G. Fred Oheim, editor of the Zeitung’s Jahrbuch in 1943, named 340 teamsters who “transported merchandise to New Braunfels from Indianola, Lavaca, Victoria, Cuero, Kingsbury, Luling, Marion, Austin and San Antonio from 1860 to1877 for Ernst Sherff alone.”
Sherff was owner of a large merchandise business in New Braunfels that he purchased from Ferguson and Hessler in 1858. By that time, Waggoners were using mules to pull wagons. Sherff’s store later became Eiband and Fischer.
Oheim related that when there were no factories in Texas providing necessities of life and the state’s wealth consisted solely of produce off the land, transportation was an indispensable part of daily living.
Early Texas transportation consisted of ox-drawn wagons, then stagecoaches and finally railroads. One group started to build a railroad from San Antonio to Lavaca but the tracks were destroyed at Victoria during the Civil War.
In 1865-66, the U.S. Army placed that stretch in operation again. Before and after the Civil War and up until a hurricane wiped out Indianola in 1886, oxen and mule wagons hauled imported wares and food up to New Braunfels from the coast.

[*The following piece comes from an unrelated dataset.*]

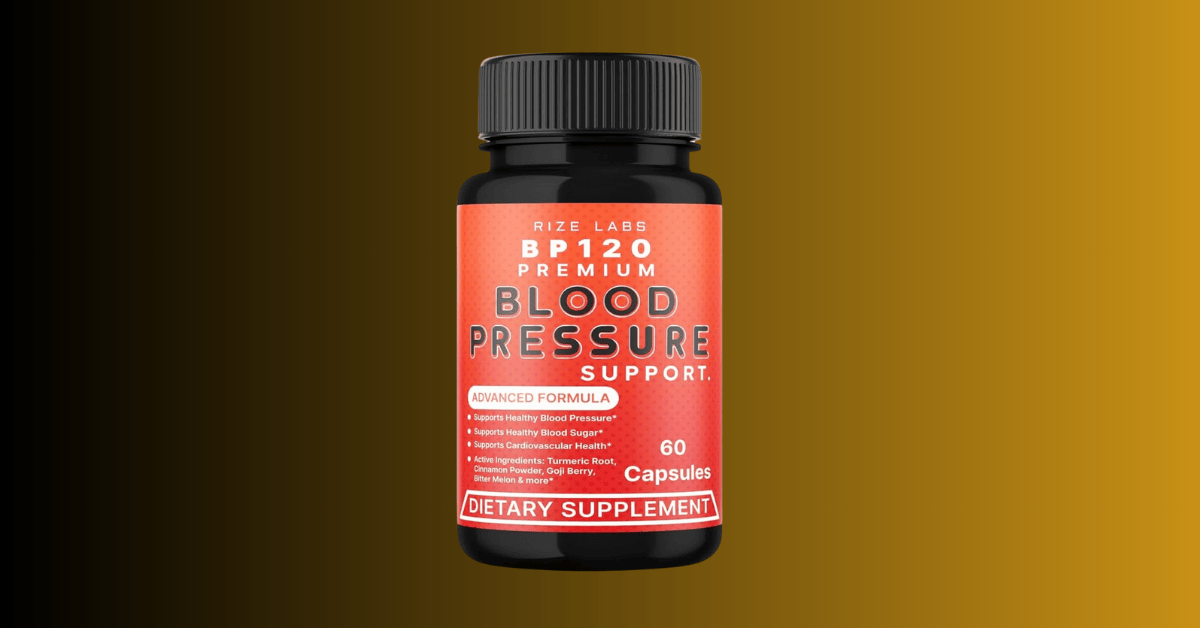BP120 Review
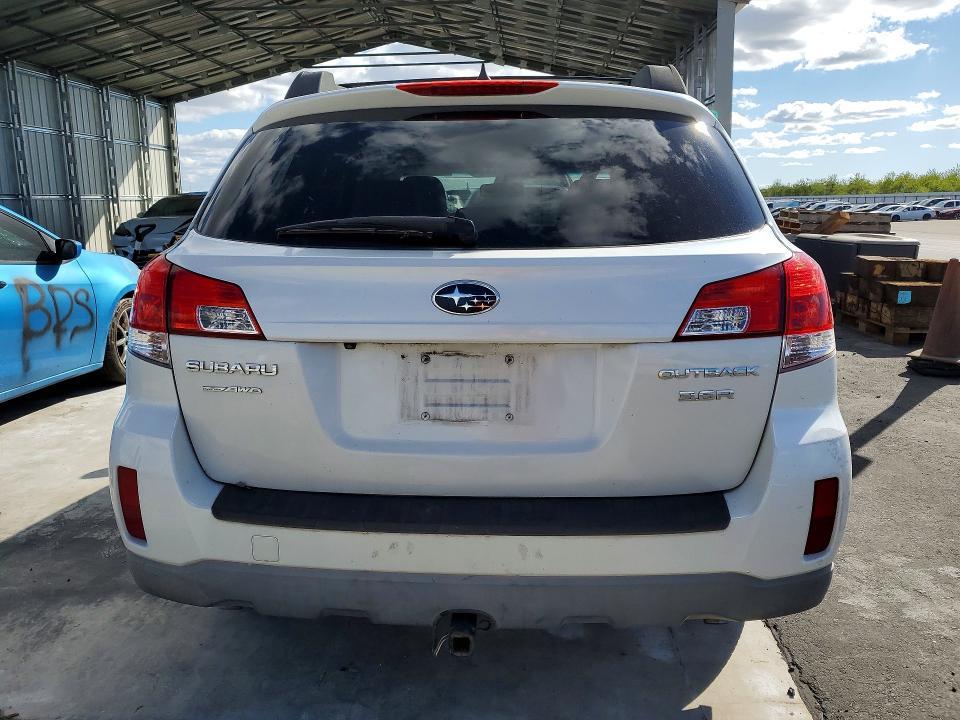 2012 Subaru Outback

From the Southwestern Historical Quarterly, July 1955: The wagons had bodies shaped like sled runners drawn by four, five, or six oxen. “The Germans west of the Colorado had a better wagon and drove better mules. Like the desert caravans of old, they wound in long lines over the rolling plains.”

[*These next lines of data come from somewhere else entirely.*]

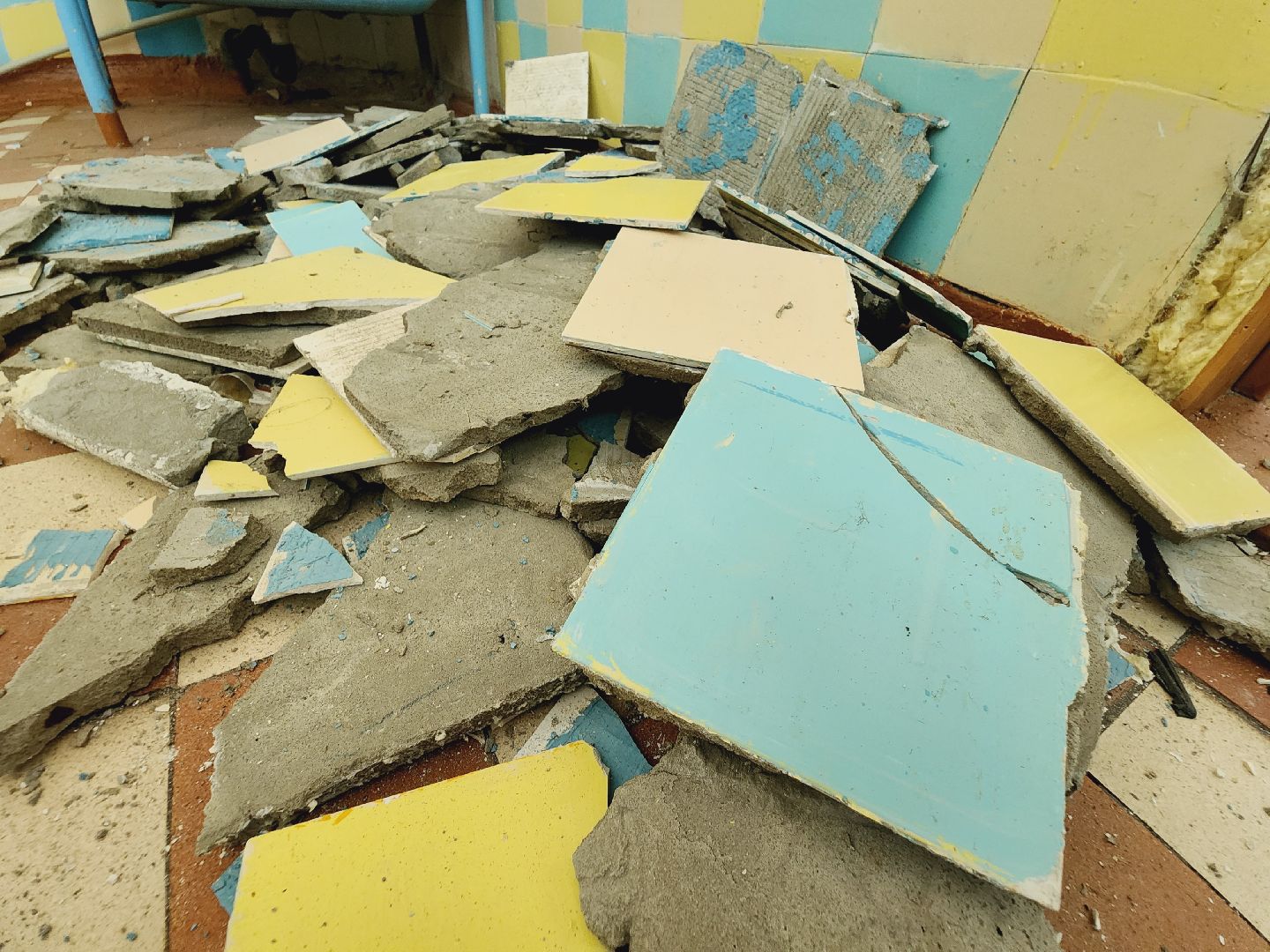 Егорьевск, Детский сад, ремонт, Подмосковье, Московская область,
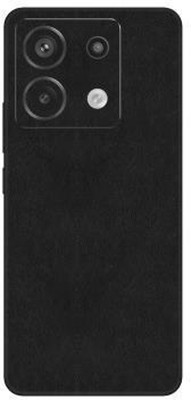 Vcare GadGets Redmi Note 13 Pro (5G) Mobile Skin(Black)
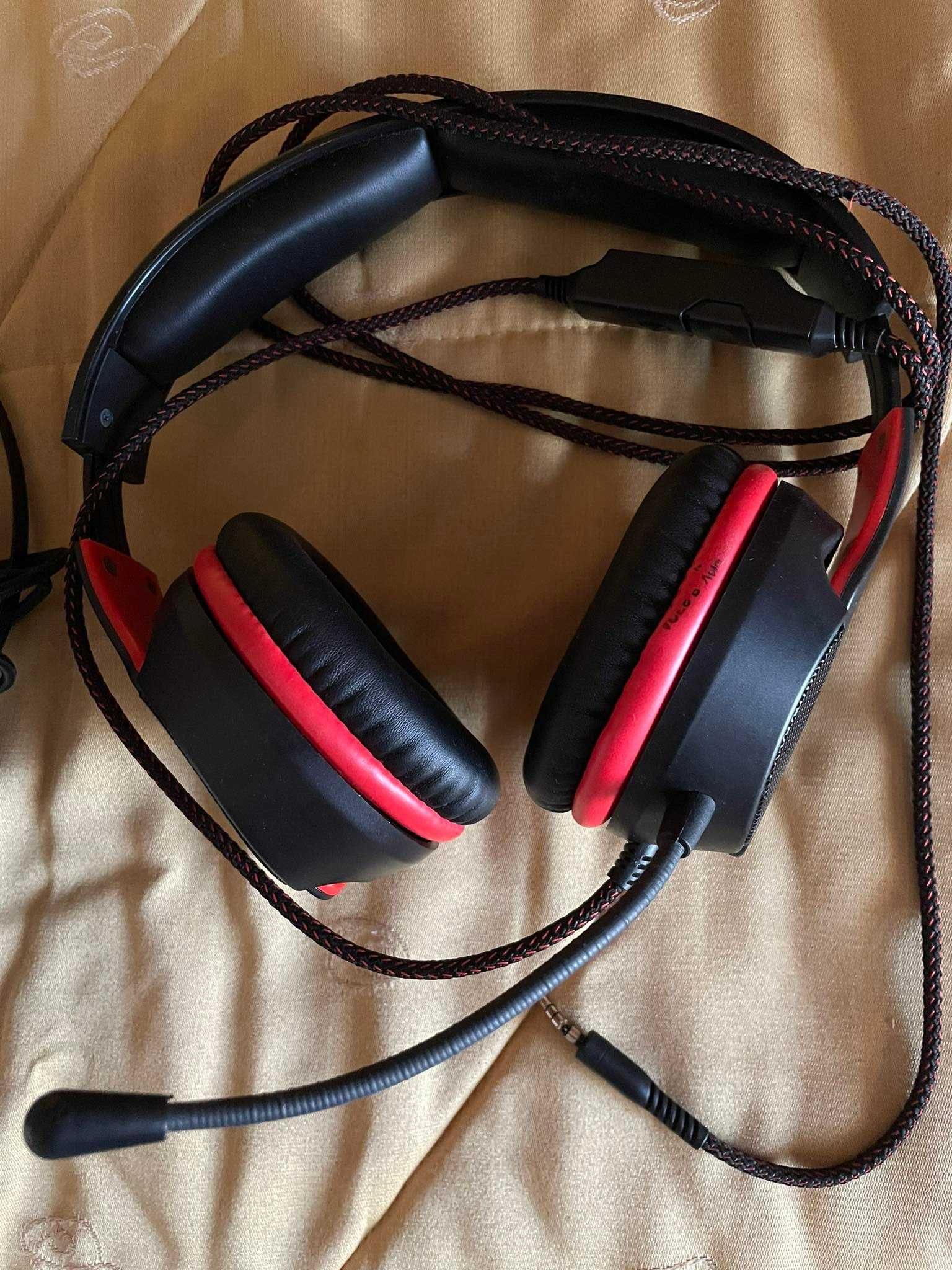 2x Headsets Gaming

Poets like Fritz Goldbeck glamorized the Waggoner’s life. Mrs. Ernst Kapp in a letter written in 1850 and translated by Oscar Haas described the trip from Indianola to New Braunfels in glowing terms, like “green undulating prairies shimmering in the bright sun” and “from out of the distance slowly papering into view, long rows of heavy laden prairie schooners come rolling on”.
She describes wonderful food, and the men smoking short pipes engaged in conversation around the campfires. “Someone strikes up a song”. Then finally there is the sound of the whippoorwill.

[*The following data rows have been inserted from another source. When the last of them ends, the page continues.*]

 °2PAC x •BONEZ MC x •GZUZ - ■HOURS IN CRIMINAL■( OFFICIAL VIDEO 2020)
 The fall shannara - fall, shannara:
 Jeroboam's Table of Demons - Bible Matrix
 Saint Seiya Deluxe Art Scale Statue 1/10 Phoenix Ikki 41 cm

Mrs. Kapp’s description sounds a lot more appealing than the other stories that I have read relating to the trek inland just five years earlier.
The first Waggoner of note in New Braunfels was George Ullrich who accompanied the first group of emigrants to New Braunfels and was named wagonmaster by Prince Carl. The Ullrich family was one of the few families that was already in Texas by the time the emigrants arrived.
Ullrich was born in Lindenau Meiningen in 1813. Family sources say he and Margaretha nee Decker were married in 1839 in New York City. Their first child was born in Frelsberg, Texas in 1842 and this is where they were living when Prince Carl was making arrangements to move the emigrants inland.
George Ullrich was consequently hired by the Adelsverein as the wagon master. He, along with his wife and 3-year-old child, guided the first group of emigrants from the coast to the interior. He subsequently guided the second group as well.
Oscar Haas has an interesting story in his History of New Braunfels and Comal County, Texas, 1844-1946. He states that “The story has it” that the first two women to cross the Guadalupe were Mrs. George Ullrich and Mrs. Frederick George Holekamp. Mrs. Ullrich crossed on the first wagon with her husband and Mrs. Holekamp crossed on horseback with Prince Carl.
The Ullrich family stayed in NB where he was elected a city alderman and sometime after 1850 was elected sheriff. Ullrich and his wife are both buried in the Adelsverein Cemetery.